Source records:
########

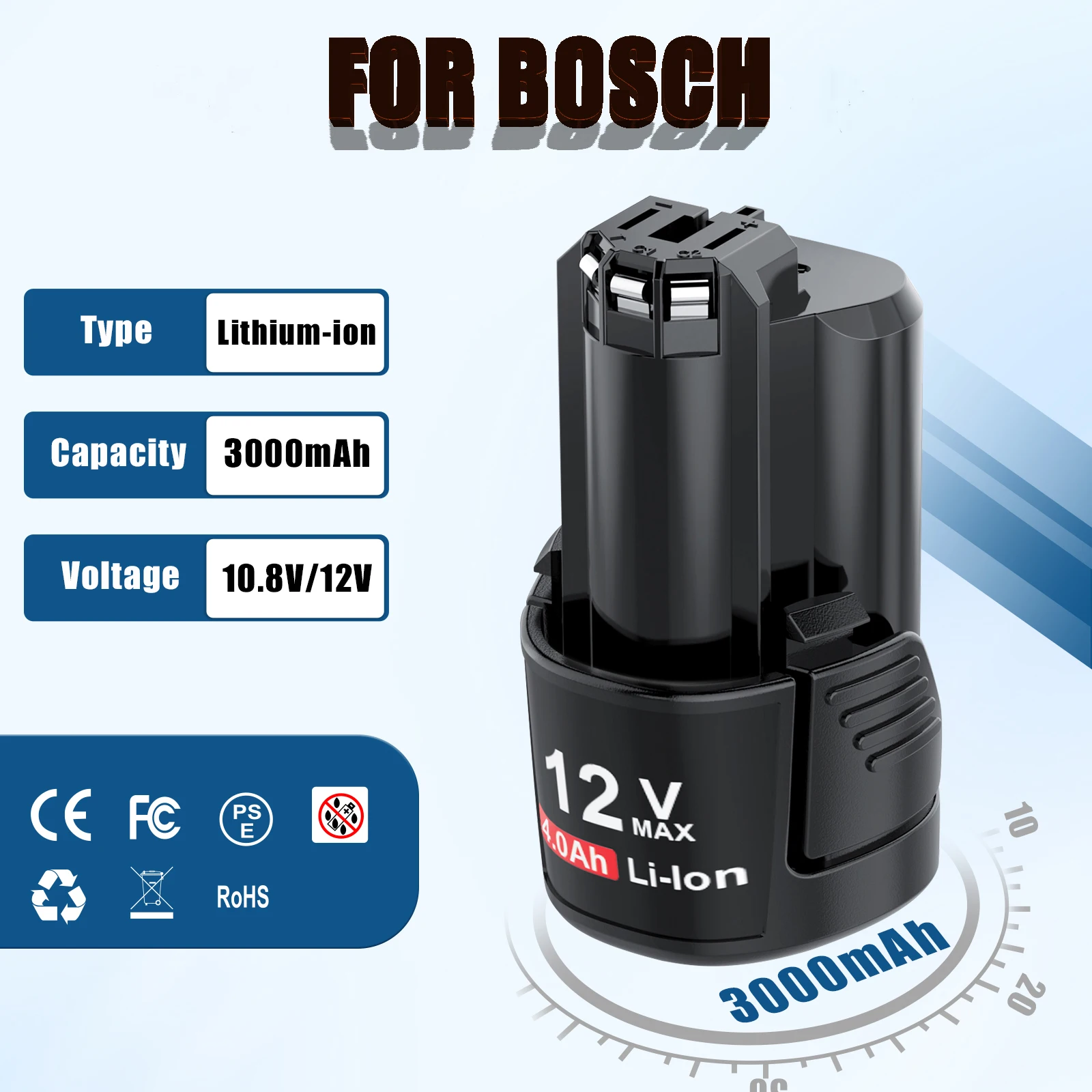 لبوش 12 فولت 3000 مللي أمبير ليثيوم أيون BAT411 استبدال البطارية لبوش BAT411A BAT412 BAT412A BAT413 BAT413 شاحن بطارية #1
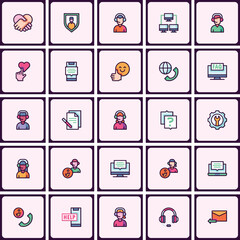 Collection of Customer Support and Assistance Flat Style Icon Vectors Set
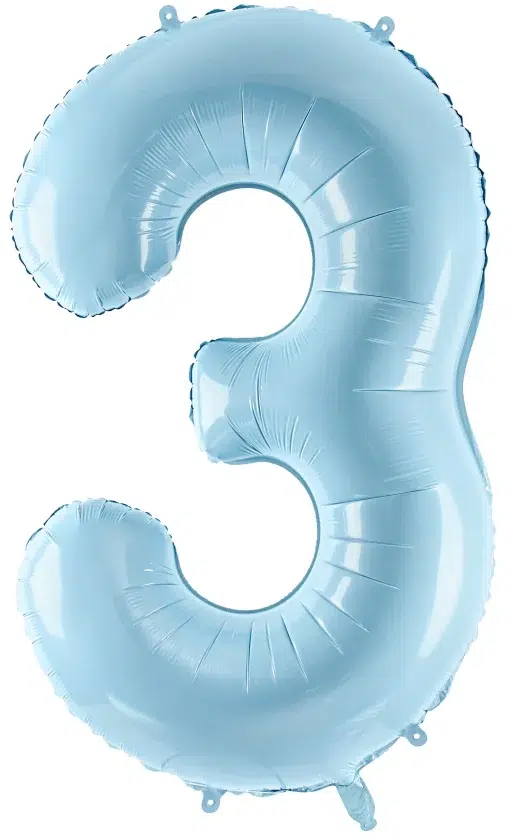 34" / 86cm Balon foliowy Cyfra ''3'' jasny niebieski PartyDeco #FB1P-3-001J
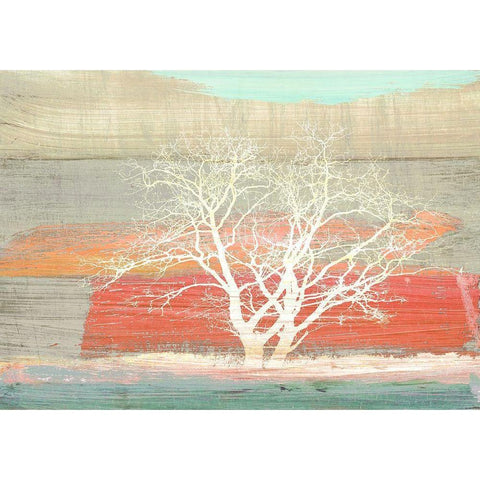 Treescape 1 (Subdued) Black Modern Wood Framed Art Print with Double Matting by Alessio, Aprile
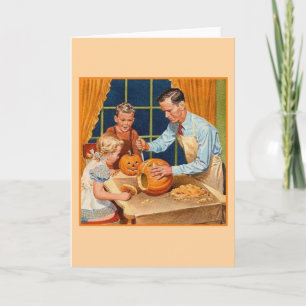 Retro Halloween Pumpkin Carving mit Vater Karte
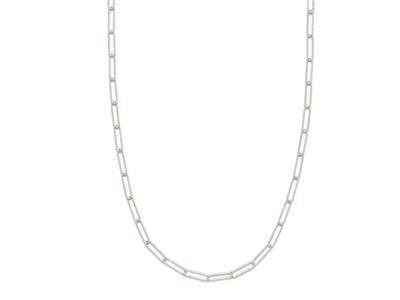 Sautoir maille Rectangle ciselée, 89 cm, Argent 925 rhodié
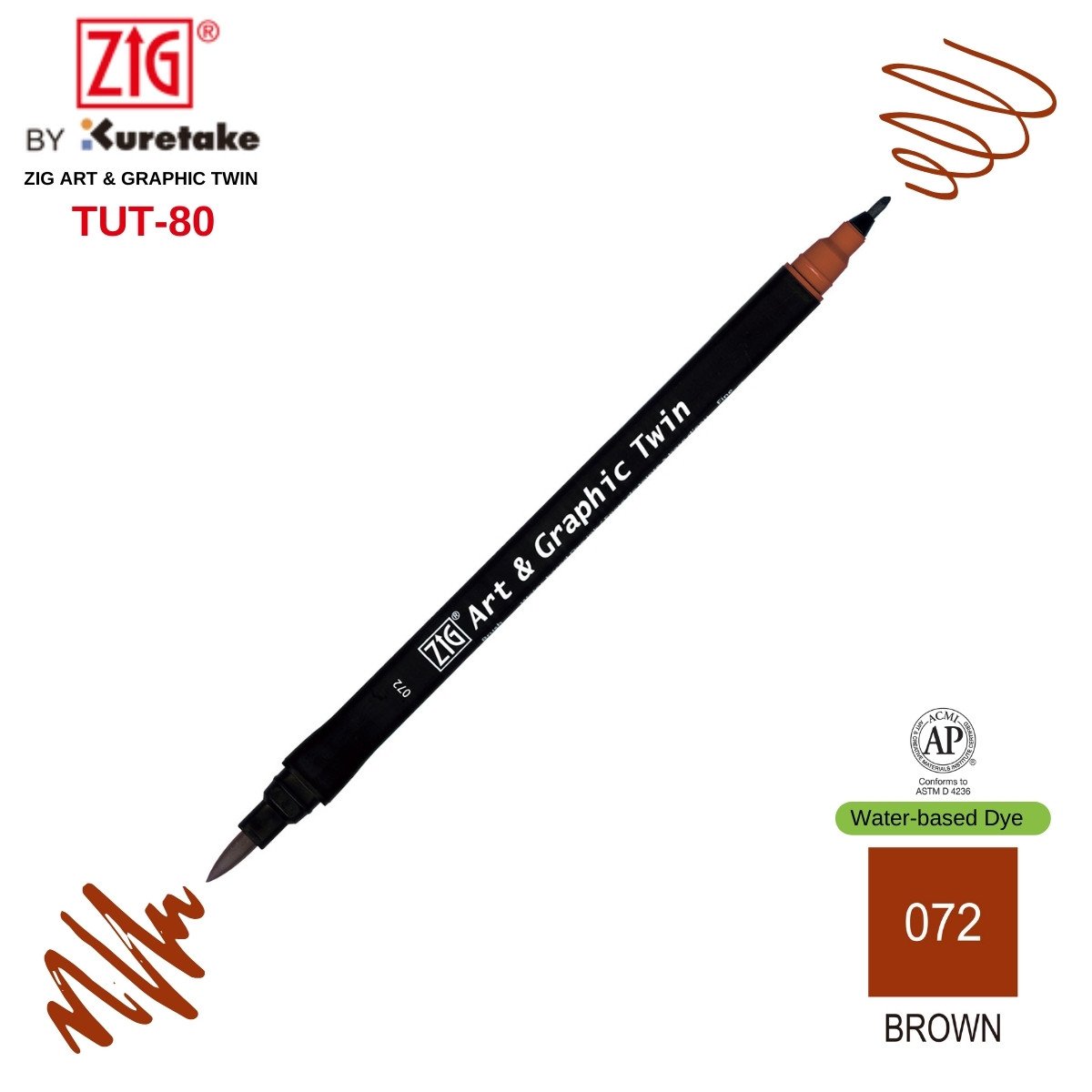 Zig Art&Graphic Twin Çift Uçlu Keçe Grafik Kalemi 72 Brown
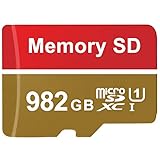 Micro SD Karte 982GB Speicherkarte High Speed Micro SD Card 982GB Externe Datenspeicher Memory Card Micro SD Speicherkarten für Bilder und Videos, Digitalkameras, Smartphones, Tablet, Rot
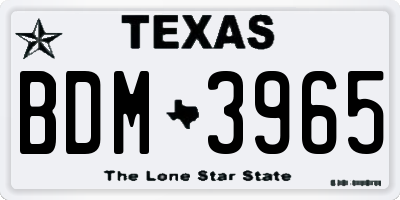 TX license plate BDM3965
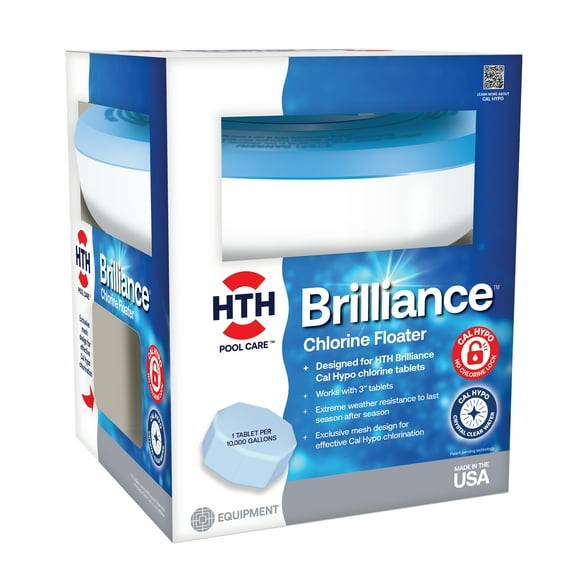 HTH Brilliance Chlorine Floater for Pools - Holds 4 Brilliance Tabs or 5 Standard 3-Inch Tablets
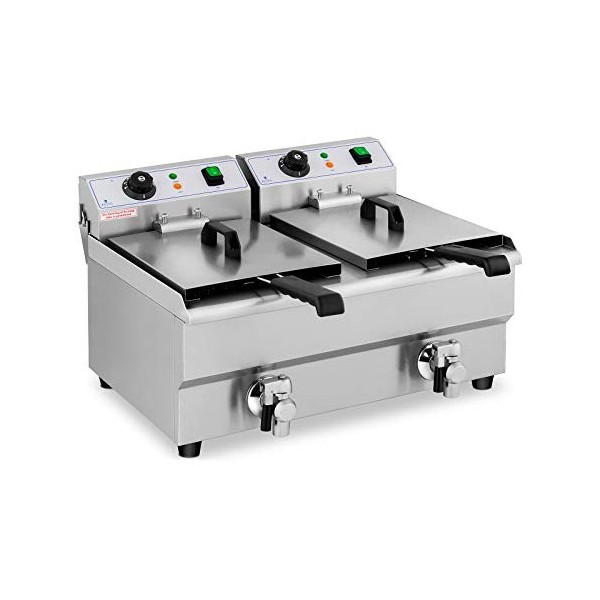 Royal Catering Friteuse Électrique De Restaurant Double Avec Robinet Professionnelle RCEF 10DB 2 Cuves De 10 L, Zone Froide,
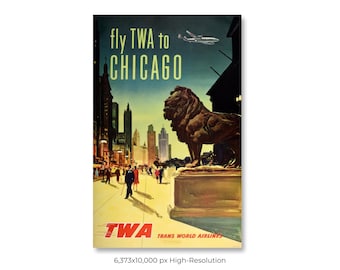Chicago | Trans World Airlines TWA | Vintage Airline Travel Poster (Digital Download)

########

(Exercise directions): Without the images, write out all of the records exactly.

(Response to this exercise):
 لبوش 12 فولت 3000 مللي أمبير ليثيوم أيون BAT411 استبدال البطارية لبوش BAT411A BAT412 BAT412A BAT413 BAT413 شاحن بطارية #1
 Collection of Customer Support and Assistance Flat Style Icon Vectors Set
 34" / 86cm Balon foliowy Cyfra ''3'' jasny niebieski PartyDeco #FB1P-3-001J
 Treescape 1 (Subdued) Black Modern Wood Framed Art Print with Double Matting by Alessio, Aprile
 Retro Halloween Pumpkin Carving mit Vater Karte
 Sautoir maille Rectangle ciselée, 89 cm, Argent 925 rhodié
 Zig Art&Graphic Twin Çift Uçlu Keçe Grafik Kalemi 72 Brown
 Micro SD Karte 982GB Speicherkarte High Speed Micro SD Card 982GB Externe Datenspeicher Memory Card Micro SD Speicherkarten für Bilder und Videos, Digitalkameras, Smartphones, Tablet, Rot
 TX license plate BDM3965
 HTH Brilliance Chlorine Floater for Pools - Holds 4 Brilliance Tabs or 5 Standard 3-Inch Tablets
 Royal Catering Friteuse Électrique De Restaurant Double Avec Robinet Professionnelle RCEF 10DB 2 Cuves De 10 L, Zone Froide,
Chicago | Trans World Airlines TWA | Vintage Airline Travel Poster (Digital Download)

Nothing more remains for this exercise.